Question

Calculate equilibrium constant (in multiples of ${{10}^{-20}}$ ) when sodium reduces Aluminium oxide to aluminium at $298\text{ }K.$ $(\Delta G_{f}^{0}$ of $N{{a}_{2}}{{O}_{3(s)}}$ at $298K=-377KJ/mole$ and $\Delta G_{f}^{0}$ of $A{{l}_{2}}{{O}_{3}}$ at $298K=-1582KJ/mole).$

Answer 1

We know that the equilibrium constant is the ratio of the equilibrium concentrations of products over the equilibrium concentrations of reactants each raised to the power of their stoichiometric coefficients.

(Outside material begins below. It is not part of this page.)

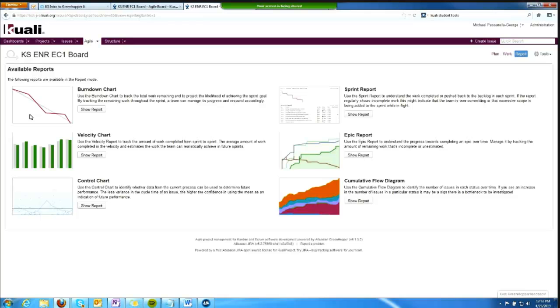I can see reporting about burndown, velocity, and comparison between sprints. I can get a sprint report, which is the one I'll show in a moment. I can get an epic report to see progress towards completing an epic over time. So there's lots of neat reporting features.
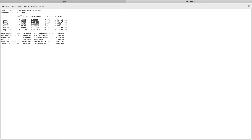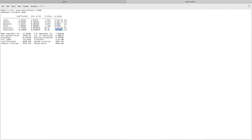Looking at each variable's p-value: the constant has a p-value of approximately 2.125e-12, definitely less than 0.01, so it is significant at the 99% level, indicated by three stars. Female is also significant at 99%, as is non-white with a p-value of 0.0022. The variable union has a p-value of 0.03, so it is significant at 95% but not 99%, receiving only two asterisks. Education and experience are both significant at the 99% level.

The ratio of concentration of products and reactants at equilibrium will be the required equilibrium constant.

Complete answer:
As we know that the sodium metal aluminate here, Meta refers to least hydrated form because sometimes it exists in the hydrated form in an excess of water containing environment. Exothermic reactions are the reactions which release energy in the form of heat and light and the reason for this energy release is because the total energy of the products is less than the total energy produced by the reactants. It is used to solidify the concrete, mainly when working during frost.
For a chemical reaction, the equilibrium constant can be defined as the ratio between the amount of reactant and the amount of product which is used to determine chemical behaviour. At equilibrium, Rate of the forward reaction $=$ Rate of the backward reaction. Thus, the chemical reaction is given by;
$A{{l}_{2}}{{O}_{3}}+2{{N}_{4}}{{O}_{4}}\to 2{{N}_{4}}Al{{O}_{2}}+{{H}_{2}}O.$
The equilibrium constant of a chemical reaction usually denoted by the symbol K provides insight into the relationship between the products and reactants when a chemical reaction reaches equilibrium. For example, the equilibrium constant of concentration of a chemical reaction at equilibrium can be defined as the ratio of the concentration of products to the concentration of the reactants, each raised to their respective stoichiometric coefficients.
Now, $\Delta G=product-Reactant=2\left( -377 \right)-\left( -1582 \right)=-754+1582=828.$
We have formula $\Delta G=-RT\ln (Eq)$ on substitution we get; $828=-8.314\times 298\times \log \left( Eq \right)$
On further solving we get; $-0.145=\log \left( Eq \right)\Rightarrow 0.716=Eq$

Note:
Remember that the aluminium and that is sodium hydroxide cannot be stored in the same containers because they both react heavily with the evolution of heat and form sodium aluminate as a product of reaction. Ortho, Meta, Para, etc., are all variations of something called the condensation degree of the aluminate ions.